Having found the line containing "Organigramm" in the records below, copy that line and each later one exactly, dropping pictures.

- Recorded information
Content starts

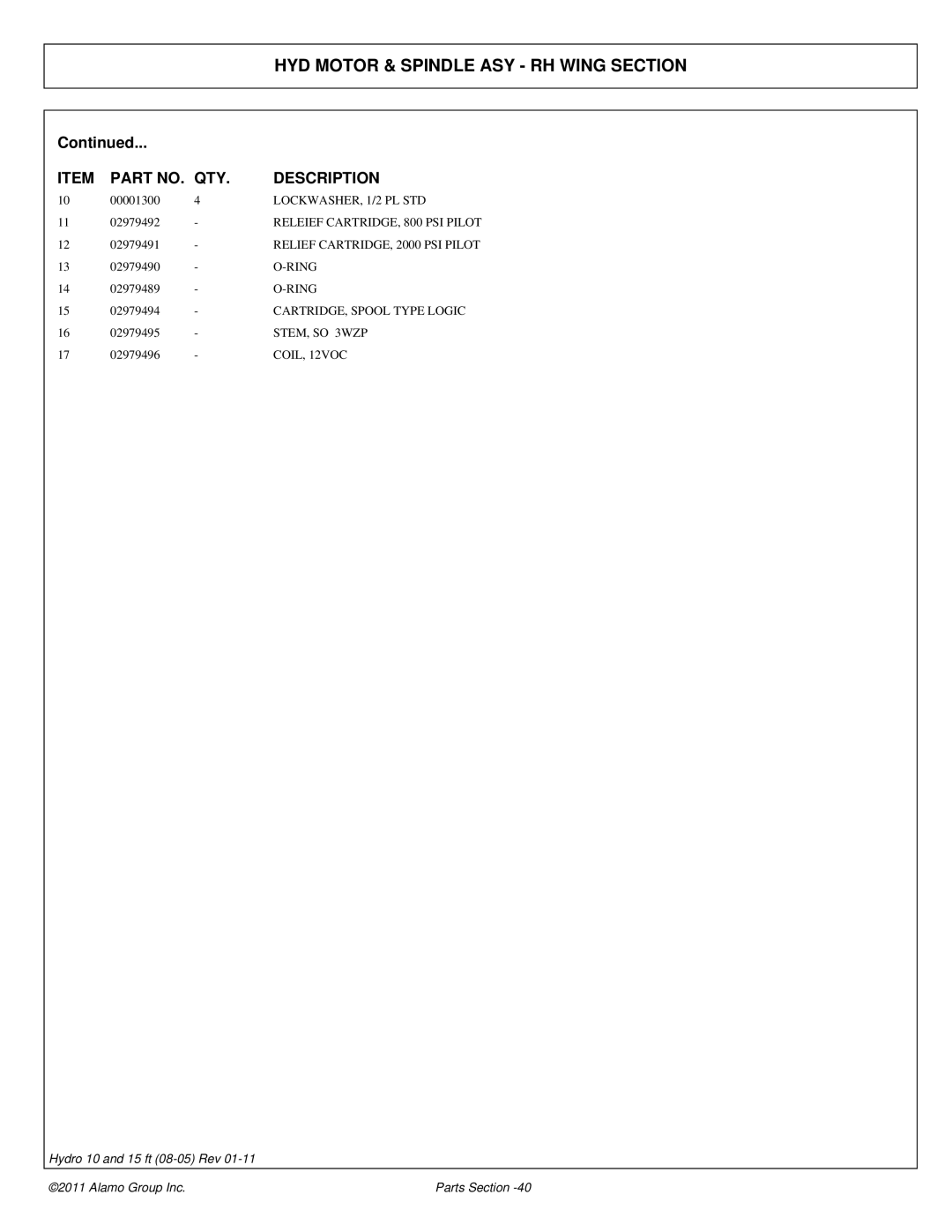 Alamo 00756179P manual Releief CARTRIDGE, 800 PSI Pilot 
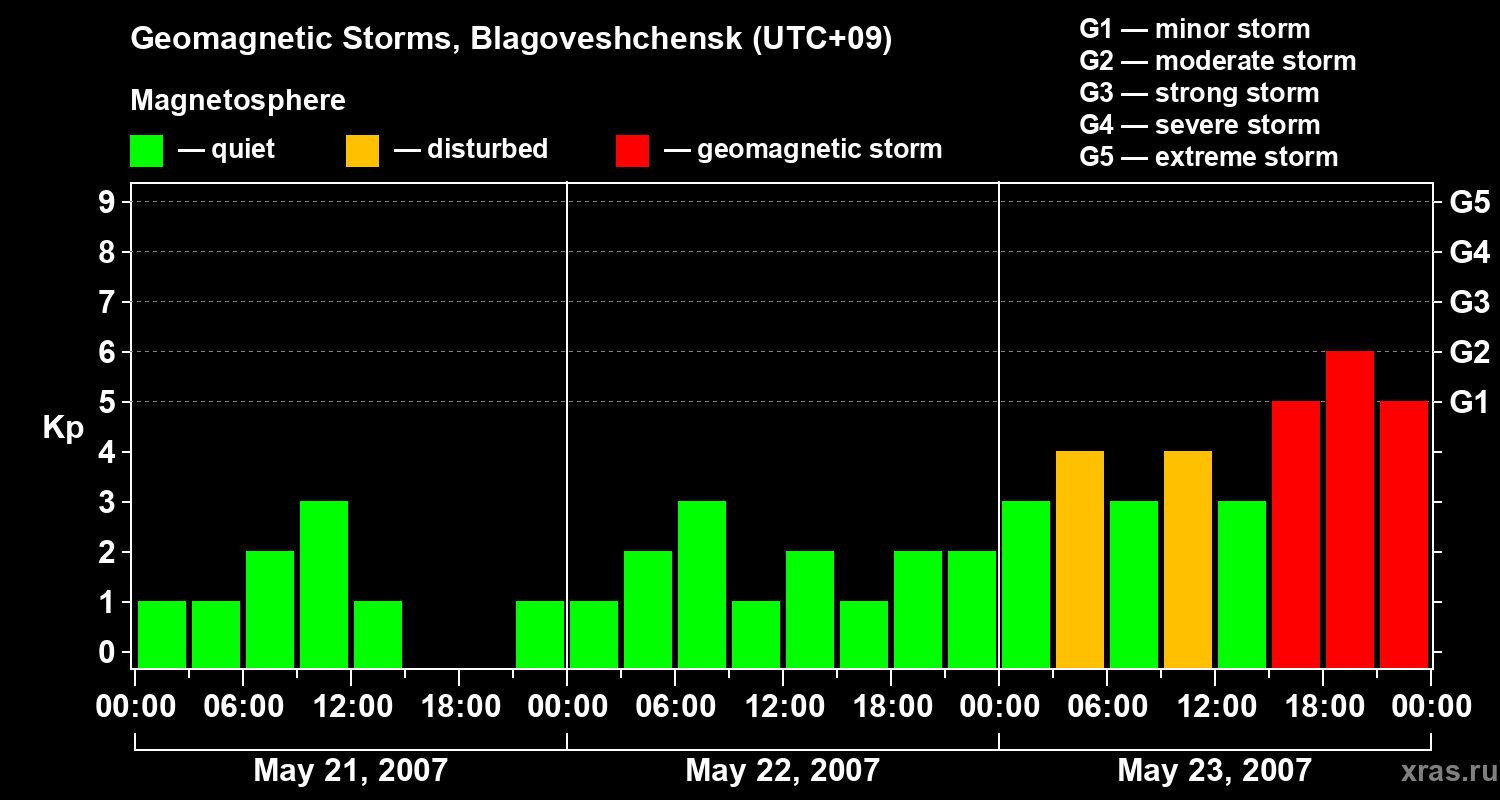Changes in the geomagnetic index Kp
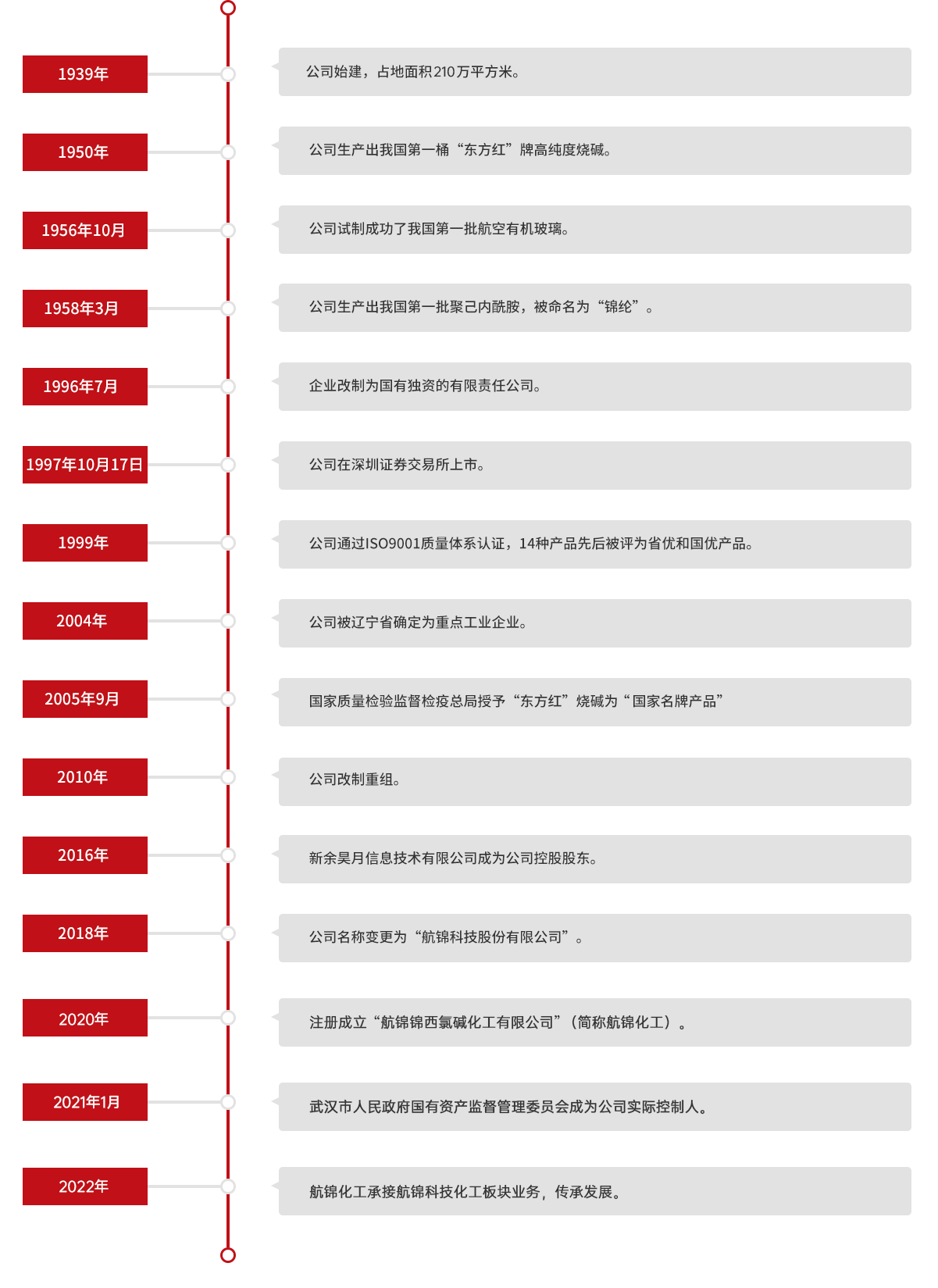 歷史_01.png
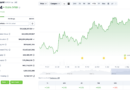 Bitwise launches US-listed Hyperliquid fund with staking rewards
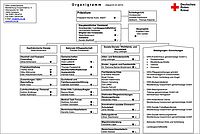 Organigramm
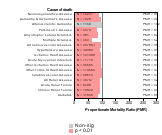 Construction Sector for Chronic Disease 1985-1998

Content ends

- Exercise response
 Organigramm
 Construction Sector for Chronic Disease 1985-1998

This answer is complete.